Hmm... I dunno. I don't seem to cry anymore, but these bring me close.
I Don't Wanna Miss A Thing ~ Aerosmith
1000 Words/1000 No Kotoba ~ Jade/Koda Kumi
Sadness And Sorrow ~ Naruto. (Instrumental not song)
Wake Me Up When September Ends ~ GreenDay

That's all I can think of at the moment. And I don't give a shit if you disagree with me, we all have our own opinions.

EDIT: SHIT I forgot:
How To Save A Life ~ The Fray. Man thats a good song...


----------



## NekoFox08 (Nov 6, 2008)

Hydramon said:


> Hmm... I dunno. I don't seem to cry anymore, but these bring me close.
> I Don't Wanna Miss A Thing ~ Aerosmith
> 1000 Words/1000 No Kotoba ~ Jade/Koda Kumi
> Sadness And Sorrow ~ Naruto. (Instrumental not song)
> ...



the top and the bottom of your list. good songs ^_^

edit: and the edited one xD


----------



## Xero108 (Nov 6, 2008)

NekoFox08 said:


> do you hate enya or coldplay? *shakes fist*



No clue about Enya. Never heard of them.

As for Coldplay, I used to dislike them a lot, but then Viva la Vida came out with a breand new style to it and it wasn't so bad! I'm still not a fan, but I don't dislike them anymore. If they played on the radio, I wouldn't change the channel


----------



## Whitenoise (Nov 6, 2008)

Probably has more to do with the personal meaning attached to this song, still I'll post it just because no one's really sighted anything all the obscure yet. Also please excuse the horrendous sound quality, fucking youtube :[ .
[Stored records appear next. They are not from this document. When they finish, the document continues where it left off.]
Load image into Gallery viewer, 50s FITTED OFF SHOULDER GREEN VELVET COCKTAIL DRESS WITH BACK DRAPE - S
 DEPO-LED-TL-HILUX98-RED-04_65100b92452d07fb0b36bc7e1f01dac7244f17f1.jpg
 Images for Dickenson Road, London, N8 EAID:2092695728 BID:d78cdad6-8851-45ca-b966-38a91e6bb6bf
http://www.youtube.com/watch?v=1O56v7YXE2c


----------



## NekoFox08 (Nov 6, 2008)

Xero108 said:


> No clue about Enya. Never heard of them.
> 
> As for Coldplay, I used to dislike them a lot, but then Viva la Vida came out with a breand new style to it and it wasn't so bad! I'm still not a fan, but I don't dislike them anymore. If they played on the radio, I wouldn't change the channel



you probably wouldn't like enya...

Coldplay has always been my all time favorite band. and then snow patrol

oh yea! Snow patrol: Chasing cars, and Signal Fire

also, may I add... I have no sound on my computer... I'm just using these links from my favorites section xD


----------



## Shark_the_raptor (Nov 6, 2008)

"Dust in the Wind" - Kansas

Dunno about it making me cry, but it's pretty sad, I guess.


----------



## Xipoid (Nov 6, 2008)

These don't make me cry, but they are quite sullen.


Sing for Absolution (This one is actually a music video should you be concerned about the sound effects)
Shine Acoustic
Blackout
Easy to Please
X & Y
Nocturne in E flat major Op. 9 No. 2


----------



## NekoFox08 (Nov 6, 2008)

Xipoid said:


> These don't make me cry, but they are quite sullen.
> 
> 
> Sing for Absolution (This one is actually a music video should you be concerned about the sound effects)
> ...



snakes don't cry

btw, X & Y FTW! =3


----------



## Irreverent (Nov 6, 2008)

False Echos (Havana 1921) - Jimmy Buffett.

Tree top flyer (hidden track)  - Jimmy Buffett.  " I love my aeroplane cause, she's got style!"   If you've ever loved a fire breathing machine as much as your mate, then you know what I'm talking about.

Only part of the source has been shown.